Estimates for Synchrony Financial SYF have been revised upward over the past 30 days, reflecting the brokers’ confidence in the stock. The stock has seen the Zacks Consensus Estimate of $3.37 for 2018 being moved north by 0.6%.

Synchrony Financial, a consumer financial service providing company in the United States, offers private label credit cards, dual cards, small and medium-sized business credit products, private label credit cards, installment loans, etc. Shares of this Zacks Rank #3 (Hold) company have rallied 26.5% in a year’s time, outperforming the industry’s growth of 13.9%.


The stock carries an impressive VGM Score of A. Here V stands for Value, G for Growth and M for Momentum with the score being a weighted combination of all three factors.

Now let’s focus on the aspects that make Synchrony Financial an investor favorite stock.

Increasing Topline: Synchrony Financial has been witnessing strong revenue growth (four-year CAGR of 9%), riding on the strength of rising interest income and registering a four-year CAGR of 2.6%. Rapidly-growing interest income and inorganic growth strategies are likely to pave the way for long-term growth.

Also,Synchrony Financial’s strategic alliances have led to solid inorganic business growth.
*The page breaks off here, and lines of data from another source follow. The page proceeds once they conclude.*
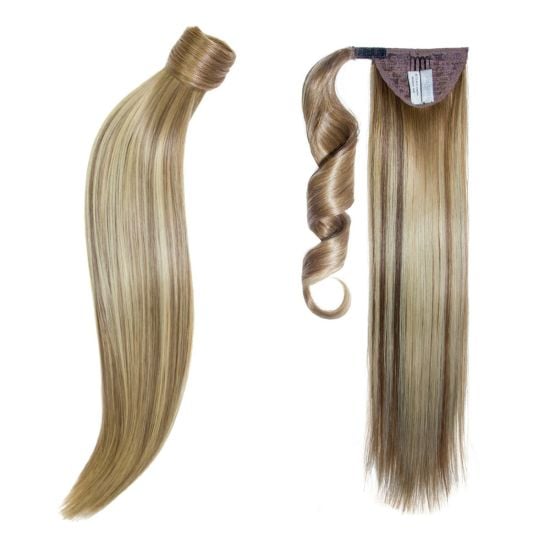 BALMAIN Catwalk Ponytail Memory Hair Ponisaba Chicago 55cm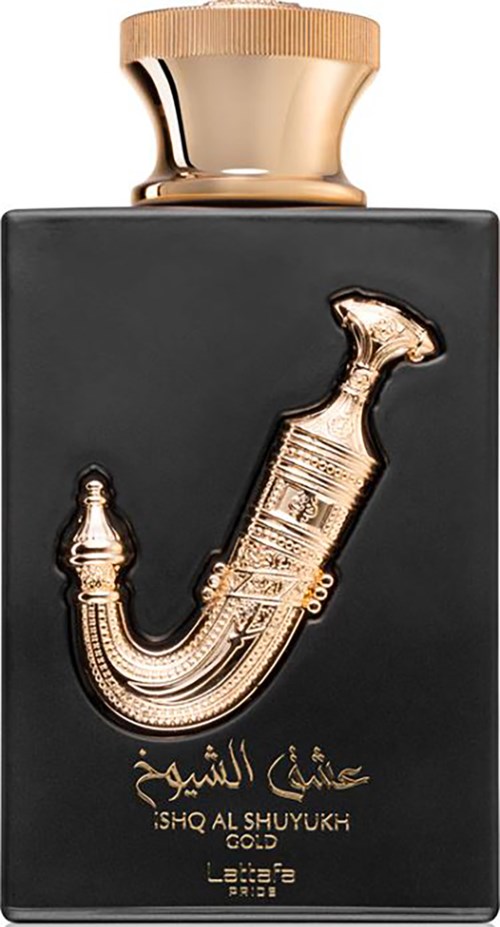 Lattafa Ishq Al Shuyukh Pride Gold Eau de Parfum 100 ml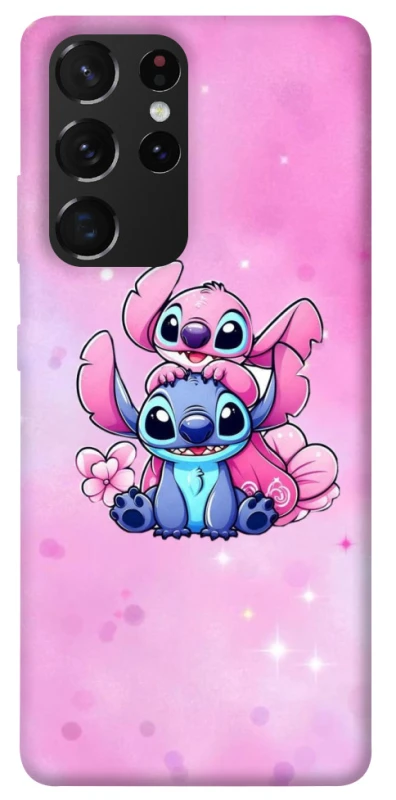 Чохол на Samsung Galaxy S21 Ultra Stitch ver.11 фото 1 з 1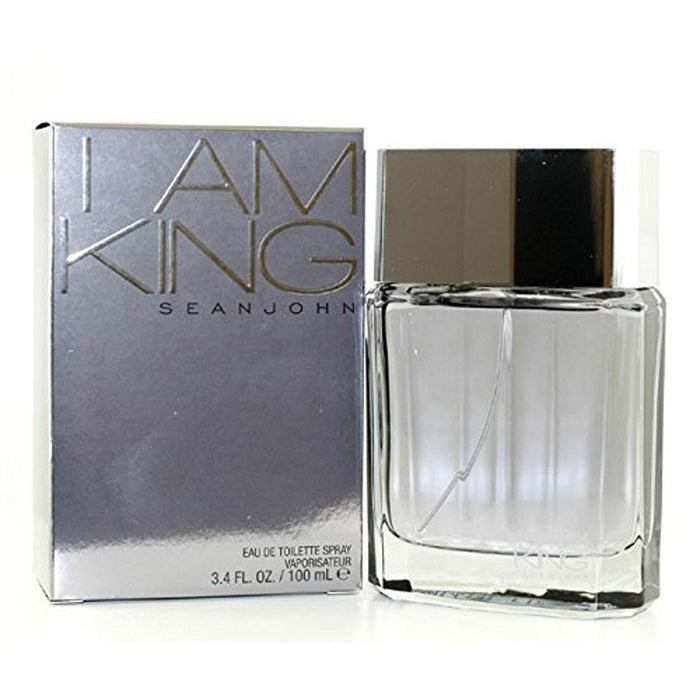 Parfum Bărbați Sean John EDT I Am King (100 ml)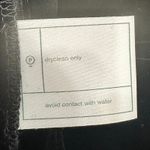 Laura Ashley VTG 1990s Black Silk Velvet Midi Dress Holiday Gothic Cottage Small Photo 9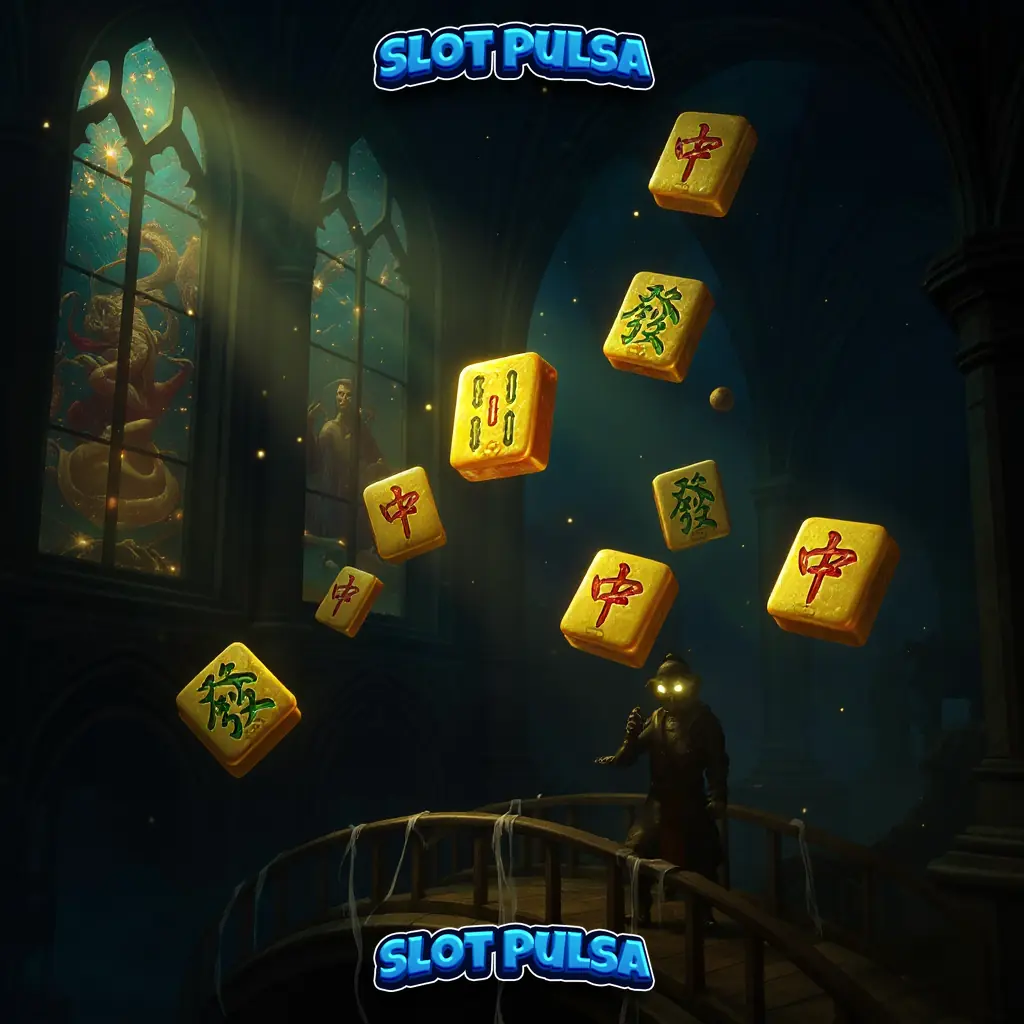 SLOT PULSA Apk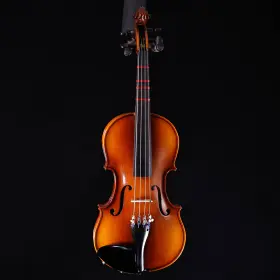 Va29e7ch Glaesel A003112 12ftft Intermediate Viola Outfit W Case And Bow Made In Romania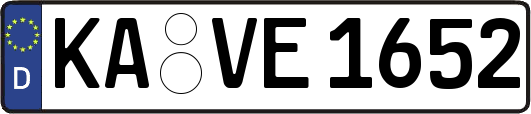 KA-VE1652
These collaborations helped diversifying the company’s business lines, thus sharpening its competitive edge.

Strong Performance of the Retail Card Platform: Retail Card is a top provider of private label credit cards and Dual cards, general purpose co-branded credit cards and small and medium-sized business credit products. This segment contributes the lion’s share to the company’s total revenues. Backed by significant volume growth as well as a period-end loan receivables increase, this segment is expected to witness strong revenue growth and boost the company’s top line in the future.

Growth Projections: The Zacks Consensus Estimate for current-year earnings per share is pegged at $3.37, representing a year-over-year increase of 28.6% on 8.7% higher revenues of $16.4 billion.

For 2019, the consensus estimate for earnings per share stands at $4.09 on $18 billion revenues, translating into a respective 21.2% and 10.1% year-over-year rise.

Underpriced: Looking at the company’s price-to-earnings ratios, shares are underpriced at the current level. The company has a trailing 12-month P/B ratio of 10.06, falling below the industry average of 12.50.

Positive Earnings Surprise History: The company flaunts an encouraging earnings surprise history, having outpaced the Zacks Consensus Estimate in all the trailing four quarters with an average beat of 9.46%. This shows the company’s operational excellence.

Improving Return on Equity: Synchrony Financial’s return on equity has been expanding over the past many years, outperforming the industry average. Return on equity is a profitability measure, identifying the company’s effective utilization of its shareholders’ fund.

Stocks to Consider

Some better-ranked stocks are Virtu Financial, Inc. VIRT, SLM Corporation SLM and Encore Capital Group Inc ECPG. You can see the complete list of today’s Zacks #1 Rank (Strong Buy) stocks here.

Virtu Financial, Inc. and its subsidiaries offer market making and liquidity services to the financial markets across the globe. It pulled off an average four-quarter positive earnings surprise of 26.13%.

SLM Corporation works as a saving, planning and paying for college company in the United States. It delivered an average four-quarter beat of 3.13%.

Encore Capital Group, Inc. provides debt recovery and other related solutions to consumers across a range of financial assets. The company came up with an average four-quarter positive surprise of 10.13%.